Please return each entry exactly as it appears, but not the pictures.

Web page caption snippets
◆ ◆ ◆ ◆ ◆ ◆ ◆
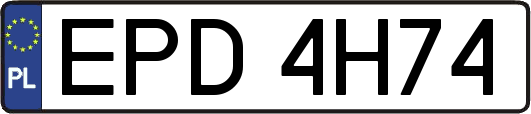 EPD4H74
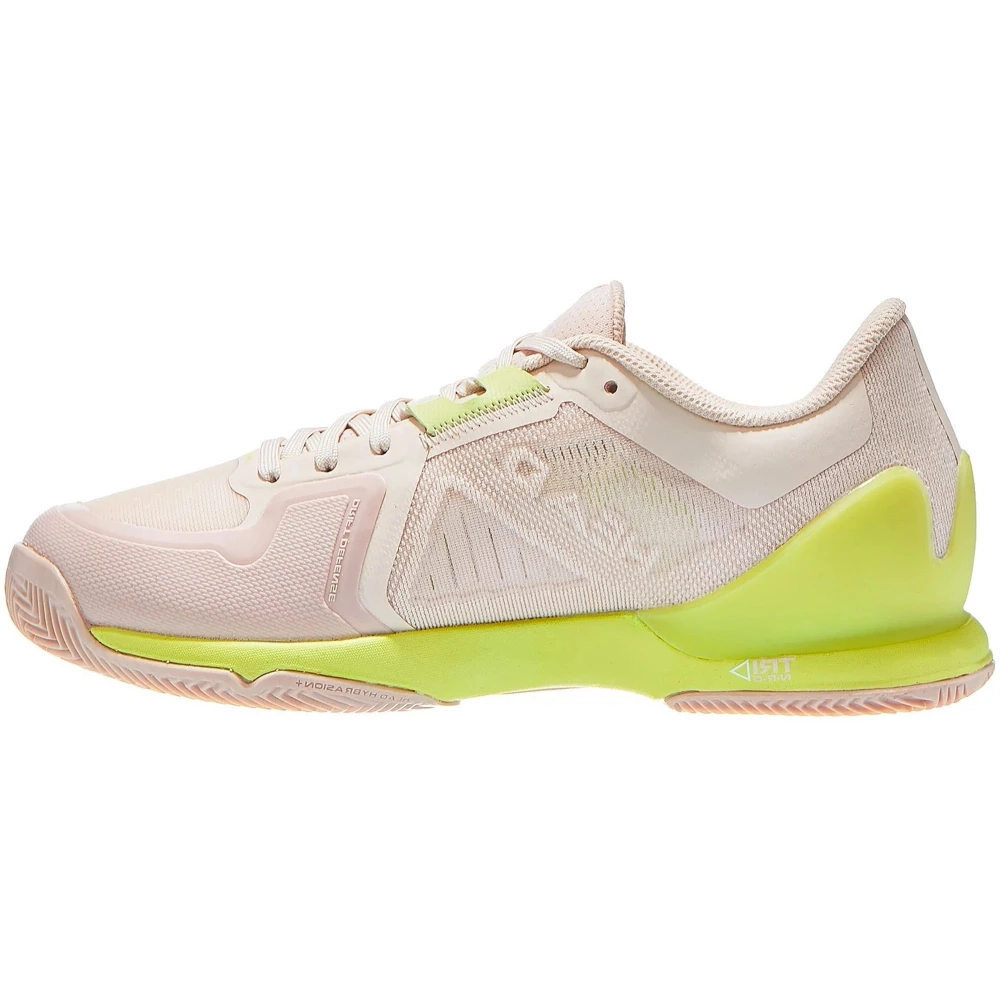 Head Women’s Sprint Pro 3.5 Tennis Shoes (Macadamia/Lime) 2 Head Women’s Sprint Pro 3.5 Tennis Shoes (Macadamia/Lime) - Image 2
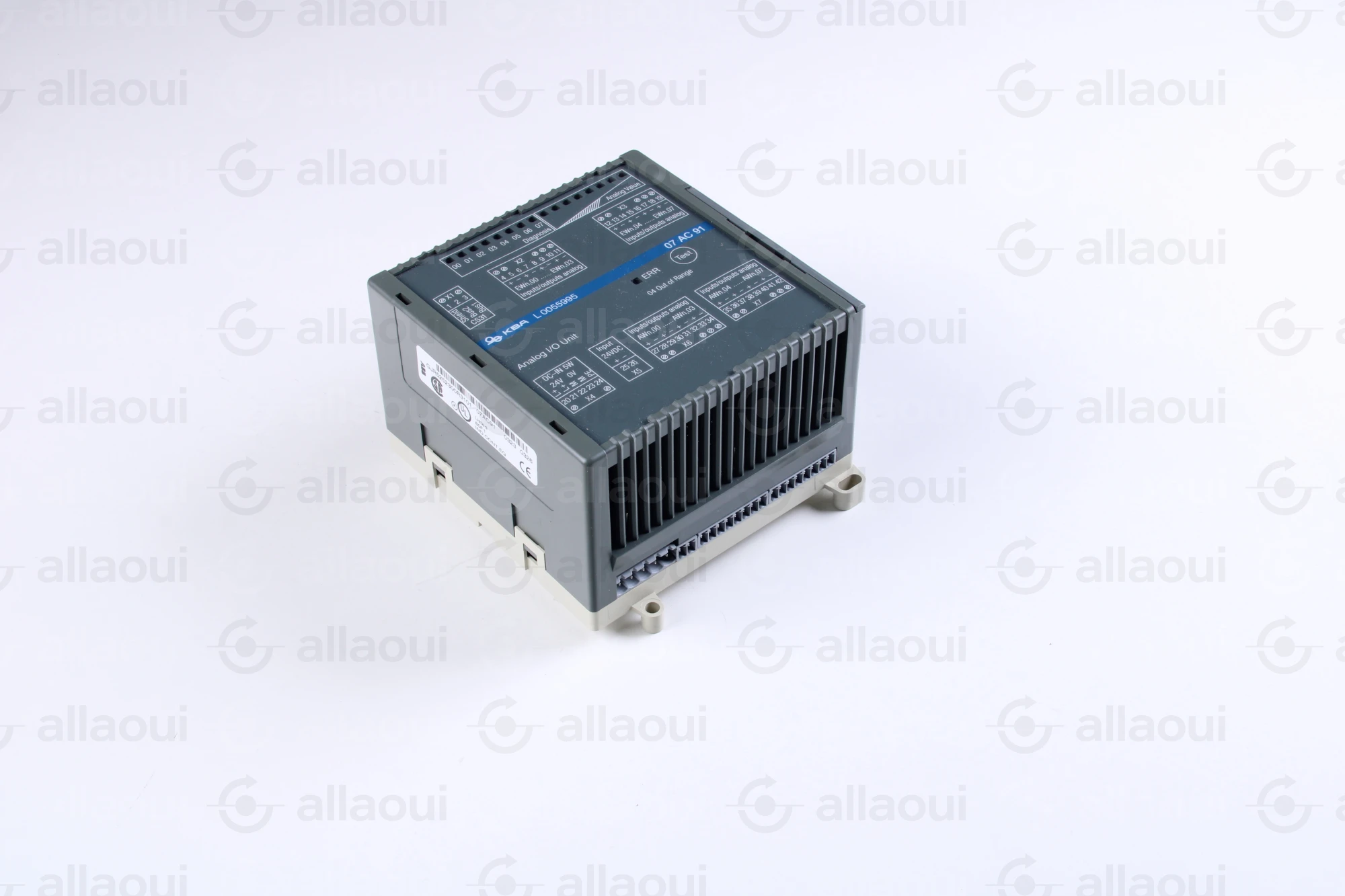 ABB Advant controller 31 Analog I/O module GJR5252300R3101 ABB Advant controller 31 Analog I/O module GJR5252300R3101
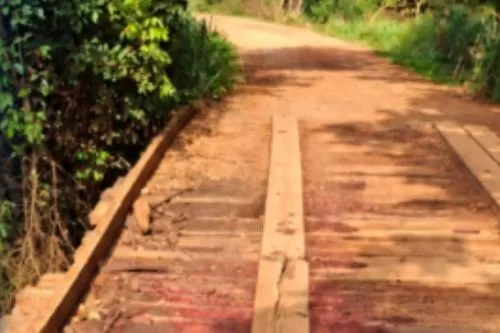 Paraopeba interdita ponte na região do Funil por 15 dias para obras de manutenção
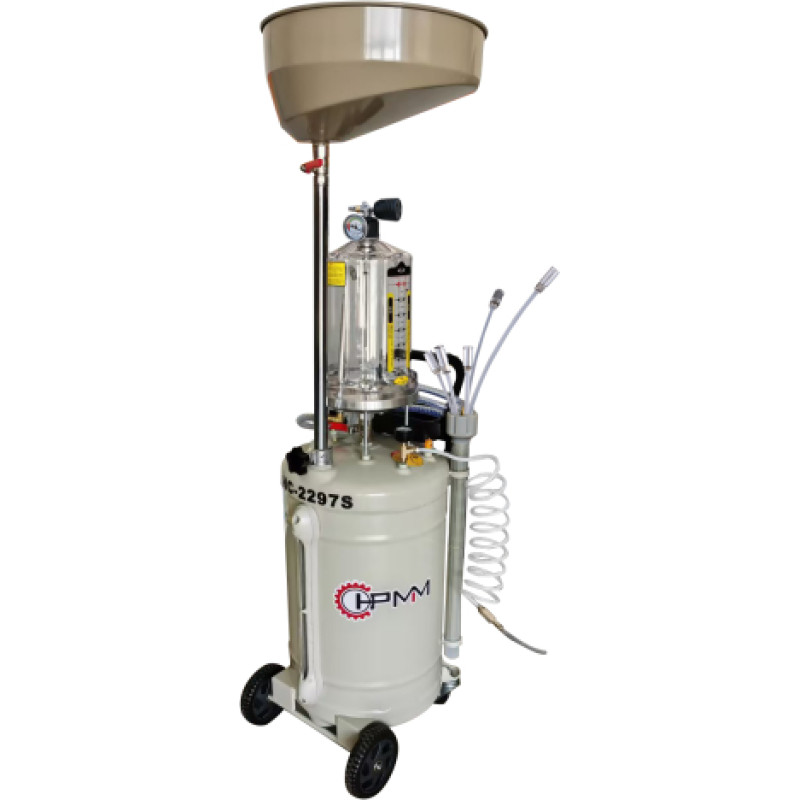 Pneumatic waste oil extractor, 105l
◆ ◆ ◆ ◆ ◆ ◆ ◆
= Your solution =
 EPD4H74
 Head Women’s Sprint Pro 3.5 Tennis Shoes (Macadamia/Lime) 2 Head Women’s Sprint Pro 3.5 Tennis Shoes (Macadamia/Lime) - Image 2
 ABB Advant controller 31 Analog I/O module GJR5252300R3101 ABB Advant controller 31 Analog I/O module GJR5252300R3101
 Paraopeba interdita ponte na região do Funil por 15 dias para obras de manutenção
 Pneumatic waste oil extractor, 105l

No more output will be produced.